BEGIN Supplied entries

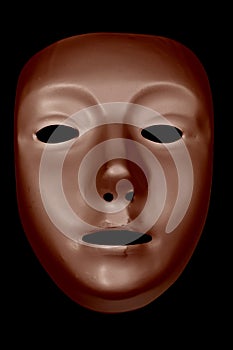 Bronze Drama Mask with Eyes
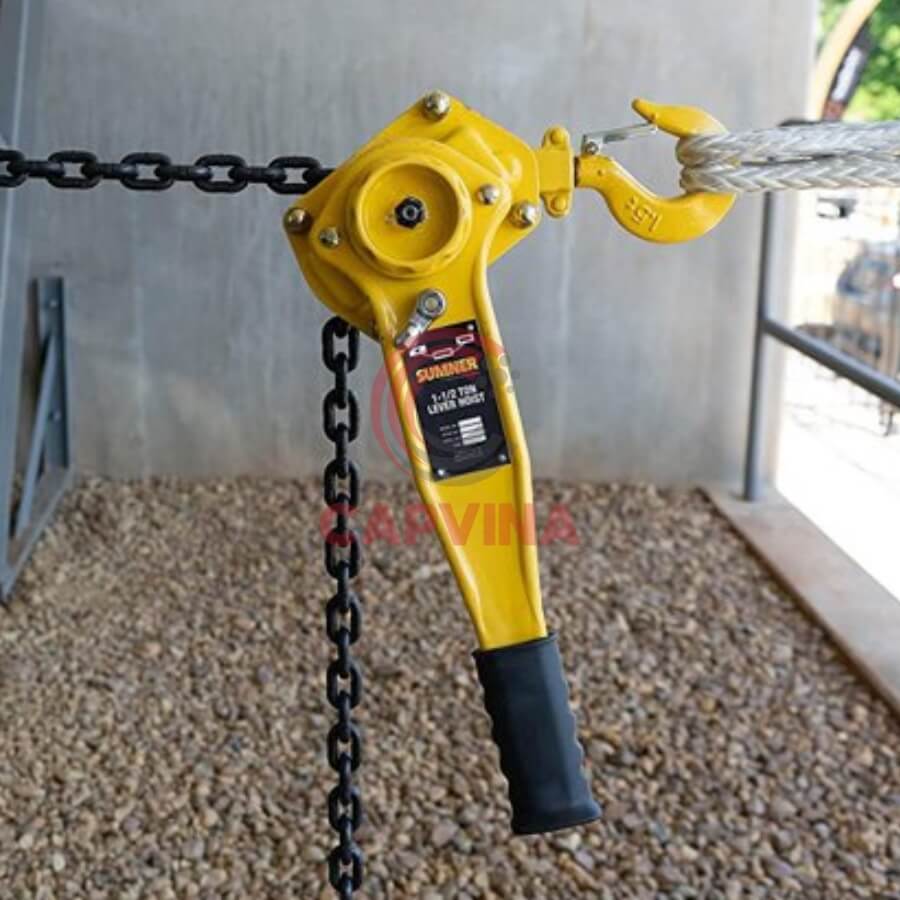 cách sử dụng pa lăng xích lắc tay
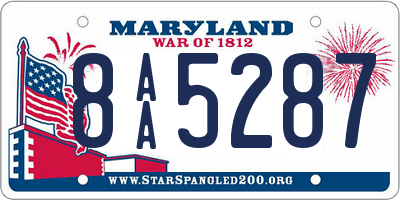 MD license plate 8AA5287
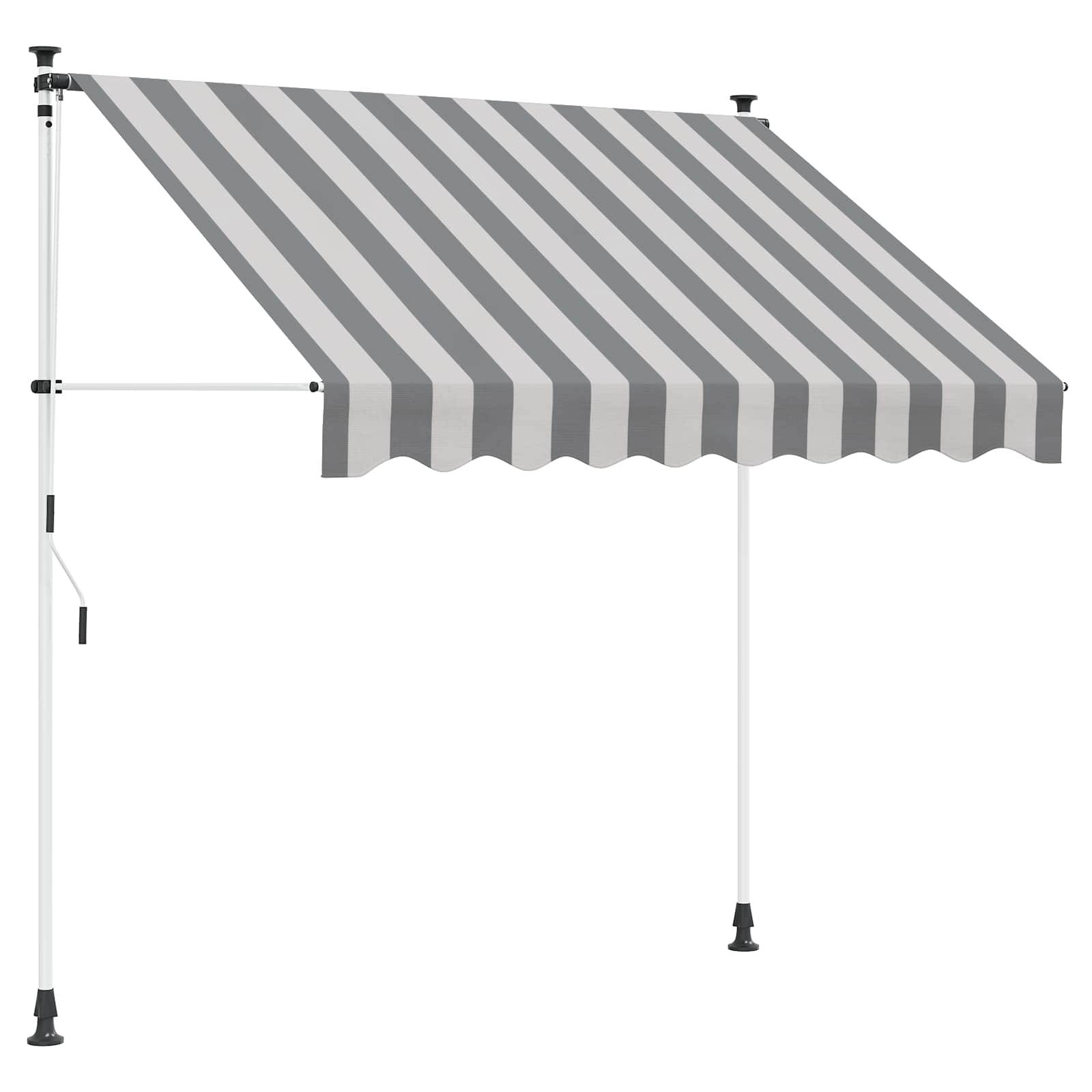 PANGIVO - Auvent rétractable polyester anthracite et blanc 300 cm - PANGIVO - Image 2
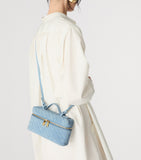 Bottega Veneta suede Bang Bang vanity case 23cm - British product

END Supplied entries

Assignment: In your copy, include every record word for word but no pictures.

Answer for this exercise:
 Bronze Drama Mask with Eyes
 cách sử dụng pa lăng xích lắc tay
 MD license plate 8AA5287
 PANGIVO - Auvent rétractable polyester anthracite et blanc 300 cm - PANGIVO - Image 2
 Bottega Veneta suede Bang Bang vanity case 23cm - British product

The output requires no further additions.